# Decoys,traps and pillboxes



## Mikeymutt (Mar 8, 2015)

here are just a few bits i have seen around norfolk.aselection of decoy bunkers and tank traps and pillboxes..

First up is the "K"decoy site at fulmodeston.the site was a false airfield to lure the Luftwaffe away from the local airfield.the site would have dummy planes on them and old veichles.at night lights would be lit to represent runway lights..so effective were these decoy sites that several friendly planes tried to land on them
















This pillbox at west raynham is a rare variant.and only two exist.set away from the airfield.its of a barrel design with a curved blast wall on the outside which is the entrance.




A couple of standard pillboxes on the suffolk/norfolk border.
















This a starfish decoy bunker..similar to the airfield decoy sites these represented the major cities and towns in the uk..lights were used to represent railways streets etc.so when everything was in blackout these would be lit up.a fight through the brambles to get in here.






















This is a pair of firing walls and and the ammo shelters.in woodland in the middle of norwich.this all belonged to the old cavalry barracks.which is now norwich prison.













Some anti tank blocks placed on the river.to slow the advance of German tanks







Wormegay decoy bunker..this was the decoy site for raf marham,bit more exposed than the fulmodeston one.still retaining the generator plinths within.

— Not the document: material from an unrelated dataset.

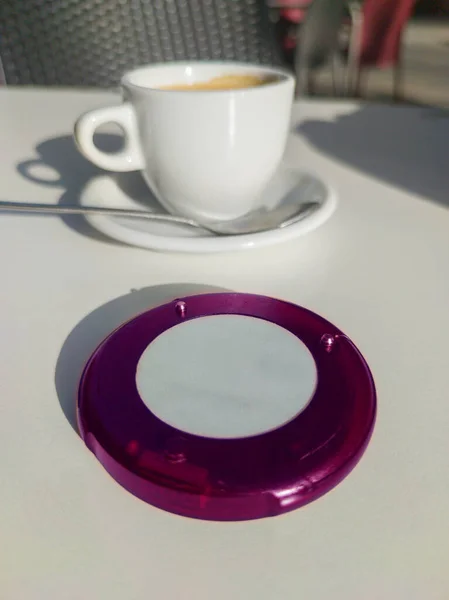 テラスでコーヒーカップに近いコースターページャーデバイス レストランの消費者のための無線通信装置 — ストック写真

Last up is a great little find.a set of hairpin tank traps.thirty six of them in total.very rare to find so many intact ones in one place.used again to prevent the German tanks in an invasion.


----------



## oldscrote (Mar 8, 2015)

That's some impressive iron work at the end and I hope you are feeling chuffed with that second photo of the sunset it's a belter.


----------



## Mikeymutt (Mar 8, 2015)

That iron was superb.yes I liked the sunset one thank you.


----------



## BikinGlynn (Mar 8, 2015)

Lovely pics there, thanks for sharing!


----------



## night crawler (Mar 9, 2015)

Oh Wow you have given us a rare treat there with all that concrtete and the tank traps. Wonderfull


----------



## DirtyJigsaw (Mar 9, 2015)

Very very nice. Great photos as always, and nice to see something abit different


----------



## reelman (Mar 9, 2015)

Great photos, amazing to see such good condition tank traps. Must be as rare as Dragons' teeth.
reelman


----------



## roomthreeonefive (Mar 9, 2015)

nice pics of a great variety of locations


----------



## flyboys90 (Mar 9, 2015)

Great collection,Thanks for sharing.


----------



## HughieD (Mar 9, 2015)

Stunning pix of stuff I like = winner for me!


----------



## jayb3e (Mar 16, 2015)

Seen plenty of tank traps but none like those..interesting pics


----------



## Greenbear (Mar 19, 2015)

Love the rank traps - good photos


----------